The pace of sea level rise has quickened since the late 19th century, averaging around 1.7-1.8 mm/yr throughout most of the 20th century, climbing even faster to 3 mm/yr within the last 20 years. This closely parallels the rising trajectory of global temperature. Sea level is likely to rise even higher as the Earth’s climate warms, due to thermal expansion of the oceans and melting of glaciers and ice sheets, which have receded dramatically in many places especially within the last few decades. Coastal cities, ports, and wetlands would be threatened with more frequent and severe flooding, increased beach erosion, and saltwater encroachment into coastal lagoons, streams, and aquifers.

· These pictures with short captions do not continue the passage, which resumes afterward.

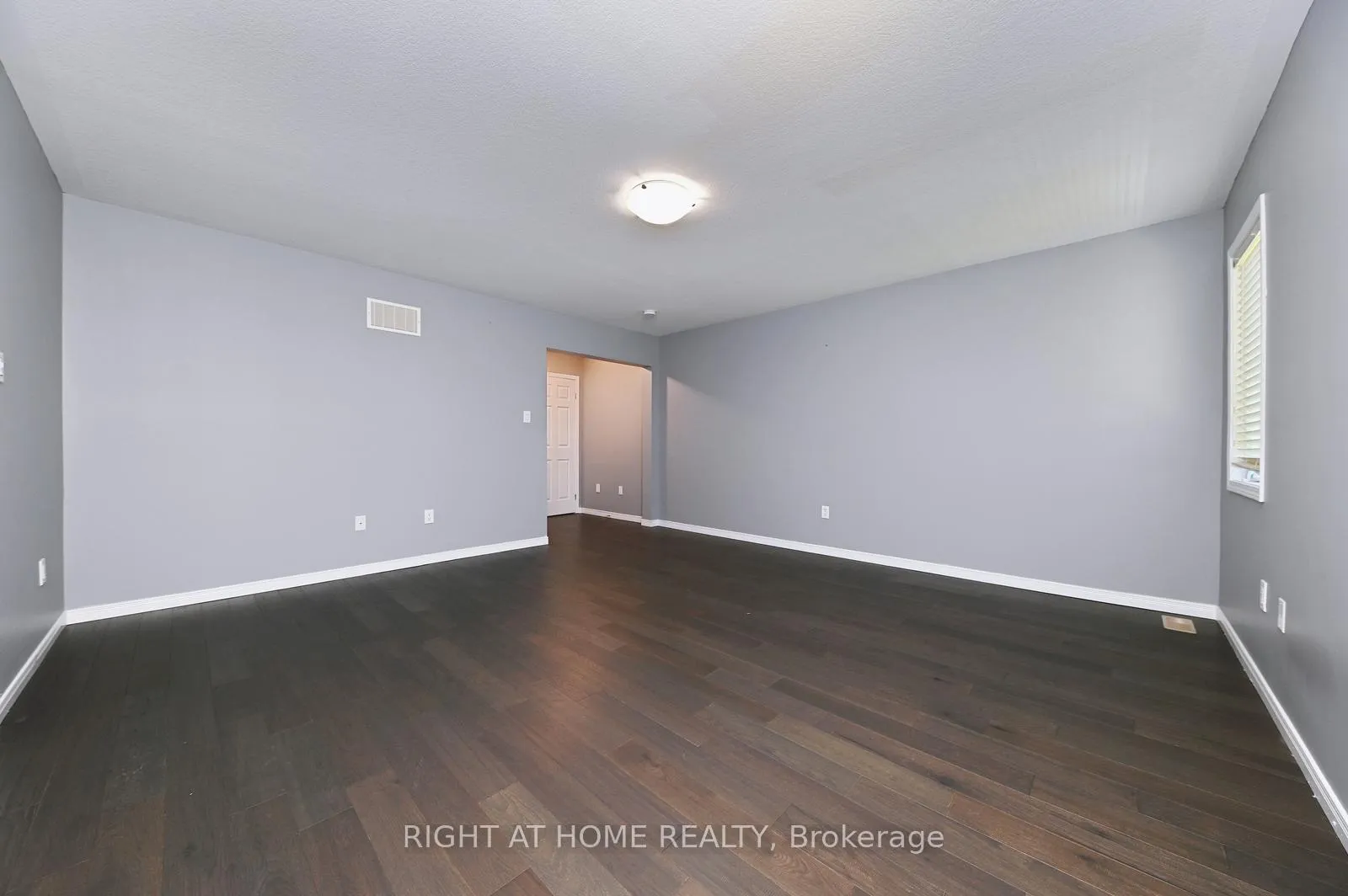 Photo 21 of 292 Falling Green Crescent, Kitchener, Trussler — HOMEH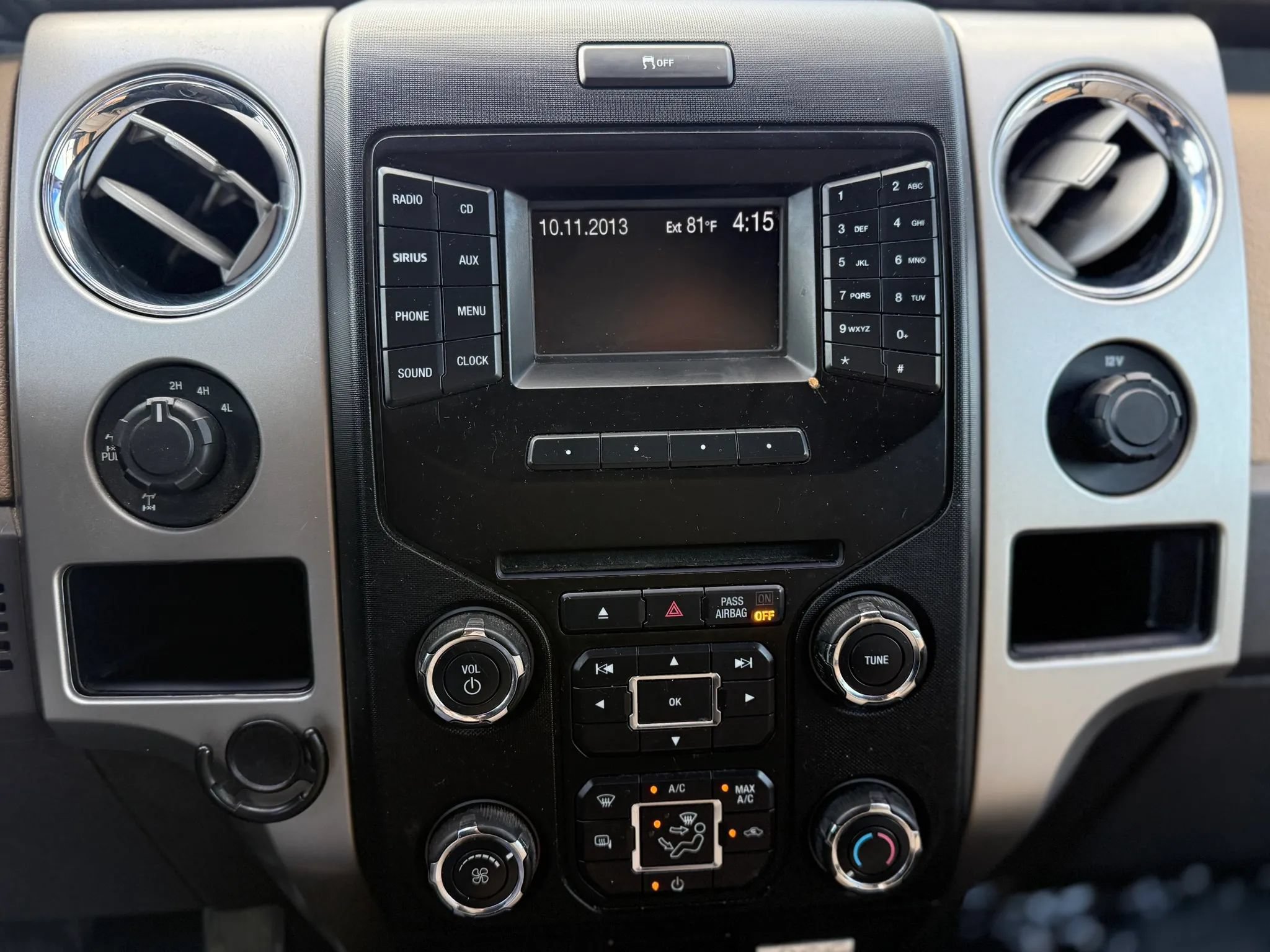 Used 2013 Ford F150 XLT w/ Mid Equipment Group AWD/4WD image 25
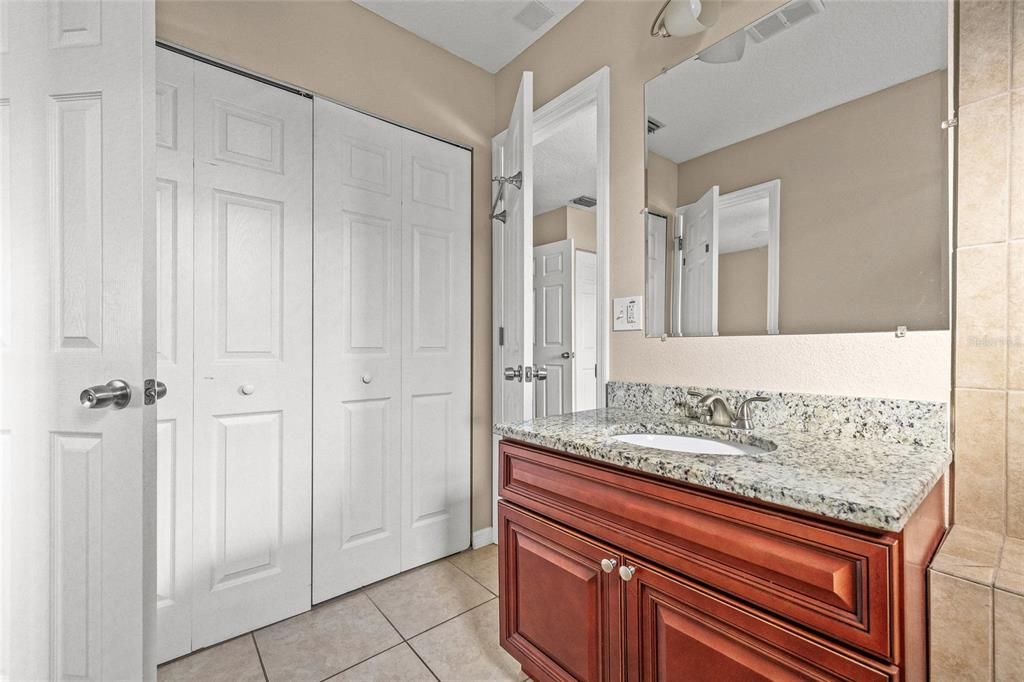 В аренду: $3,400 (3 спален, 2 ванн, 1566 Квадратных фут)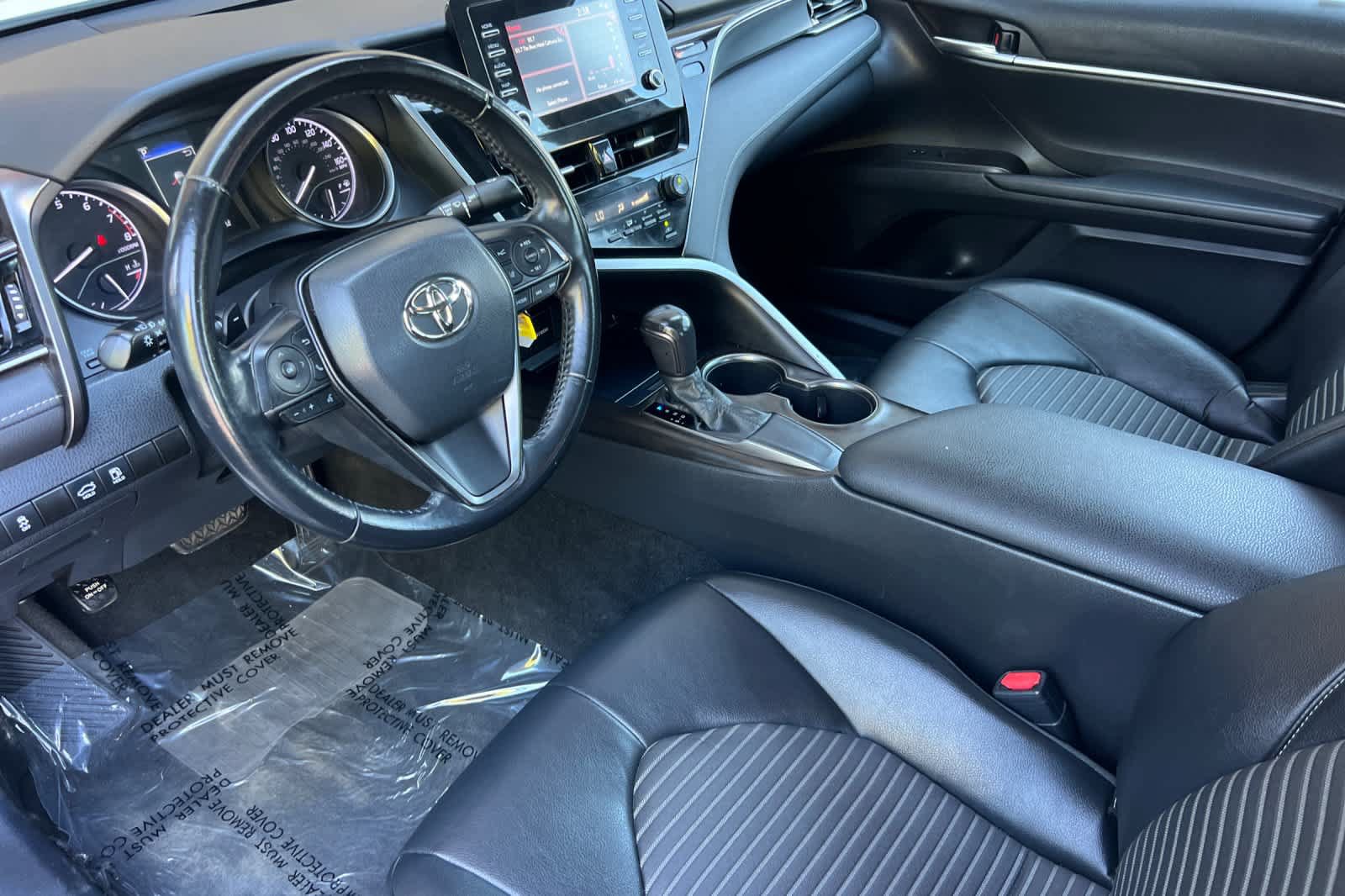 Used 2021 Toyota Camry SE FWD image 11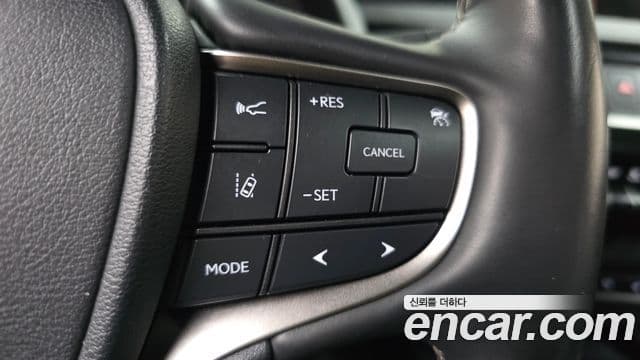 Lexus UX250h, 2019 18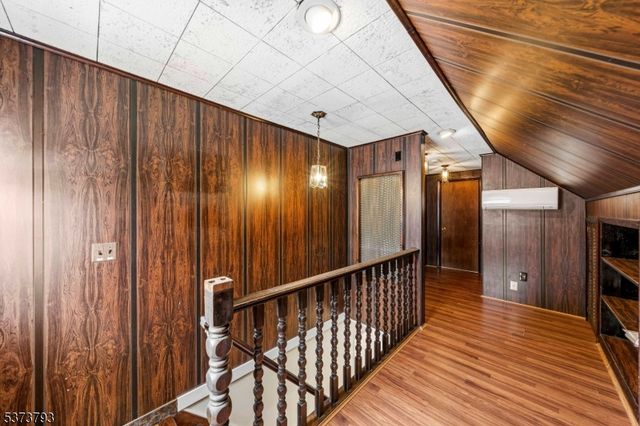 510 Albermarle St, Rahway City, NJ 07065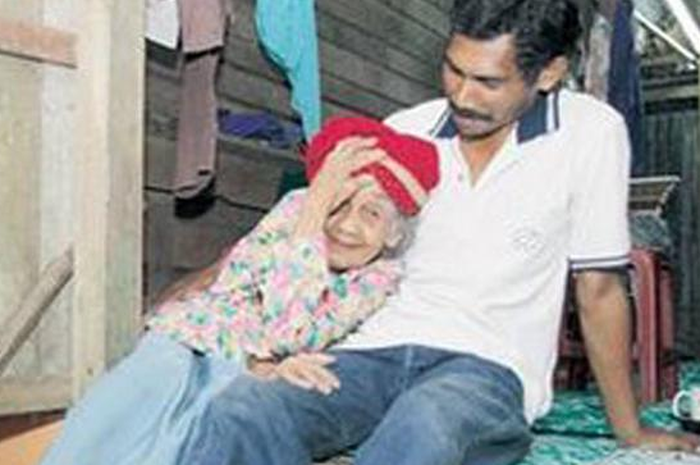 Foto mesra nenek Kundor dan suaminya.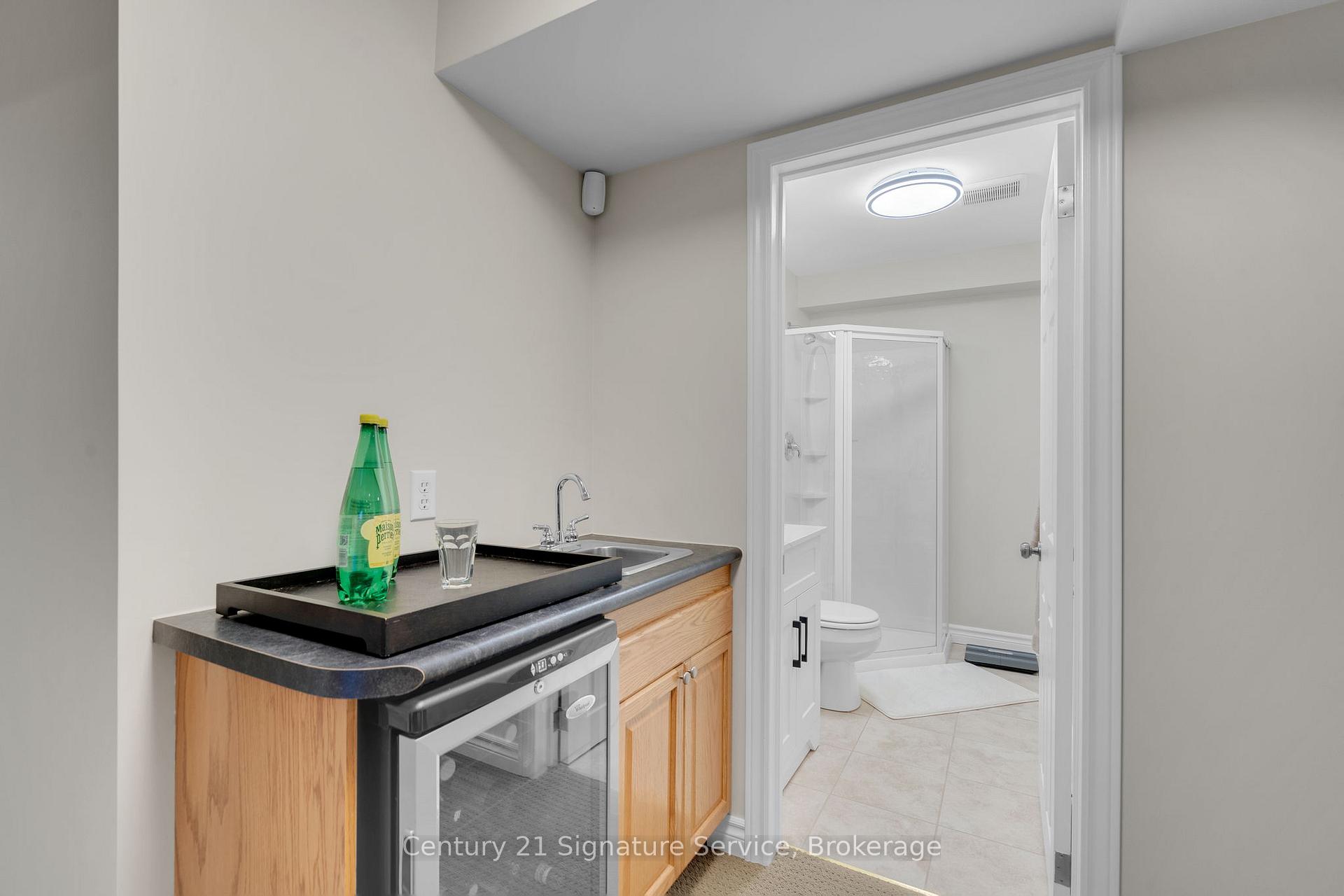 Photo 26 of 124 Decaro Crescent, Cambridge — HOMEH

Could future greenhouse gas-induced global warming push the Earth’s climate system into an unstable mode, triggering a catastrophic meltdown of the polar ice sheets? Would major coastal cities with millions of inhabitants, like New York City, Los Angeles, London, Tokyo, Shanghai, Hong Kong, Mumbai (Bombay), Bangkok, to name just a few, be inundated and rendered uninhabitable? As of 2005, around 40 million city dwellers worldwide were vulnerable to the 1-in-100 year flood (i.e., a coastal flood having a 1 percent chance of occurring in any given year). In the United States (excluding the Great Lakes), 8.4 million people (or approximately 3 percent of the 2000 population) live within the 1-in-100 year flood zone. Even today, many coastal residents face flood hazards from major storms, such as Sandy. As sea level rises, the surges unleashed by large cyclones will reach higher and penetrate further inland. In addition, the strength, if not frequency, of such extreme meteorological events could also magnify in a warmer world.
Recent observations of Greenland and the West Antarctic Ice Sheet raise concerns for the future. Satellites detect a thinning of parts of the Greenland Ice Sheet particularly at lower elevations, and glaciers are disgorging ice into the ocean more rapidly. Even parts of the West Antarctic Ice Sheet are showing some signs of thinning. The Greenland and West Antarctic Ice sheets, if melted completely, contain enough ice to raise sea level by 23 and 10 feet (7 and 3m), respectively. It would take a global temperature rise of only 1.4-6F (0.8-3.2ºC) to destabilize Greenland irreversibly. These temperatures lie within the range of several future climate projections for the 21st century. Nonetheless, any significant meltdown would take many centuries. Furthermore, even with possible future accelerated discharge from the West Antarctic Ice Sheet, it highly unlikely that future annual rates of sea level rise would exceed those of the major post-glacial meltwater pulses.
While a major destabilization of the polar ice sheets appears unlikely within the next century or two, it cannot be ruled out entirely. Therefore, a certain sense of urgency motivates us to learn more about the causes and consequences of sea level rise and begin preparations for the future. Rising Seas: Past Present, Future addresses these issues and enables us to comprehend why sea level rise truly matters. The recent climate and sea level trends reinforce the book’s conclusions that we are moving toward an increasingly warmer and, quite likely, a more aquatic planet. We do well to take heed and begin preparations to stem the oncoming tide.